- [Task to complete]: Return nothing except the lines from the one that contains "Cordking for iPhone" through the end of the material below, each exactly as given.

- [Material provided]:
┏━━
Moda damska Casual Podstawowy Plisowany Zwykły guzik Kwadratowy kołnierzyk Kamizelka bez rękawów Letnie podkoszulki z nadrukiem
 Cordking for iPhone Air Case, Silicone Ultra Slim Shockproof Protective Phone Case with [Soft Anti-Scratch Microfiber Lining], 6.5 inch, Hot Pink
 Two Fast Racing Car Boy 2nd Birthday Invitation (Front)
┗━━
- [Worked solution]:
 Cordking for iPhone Air Case, Silicone Ultra Slim Shockproof Protective Phone Case with [Soft Anti-Scratch Microfiber Lining], 6.5 inch, Hot Pink
 Two Fast Racing Car Boy 2nd Birthday Invitation (Front)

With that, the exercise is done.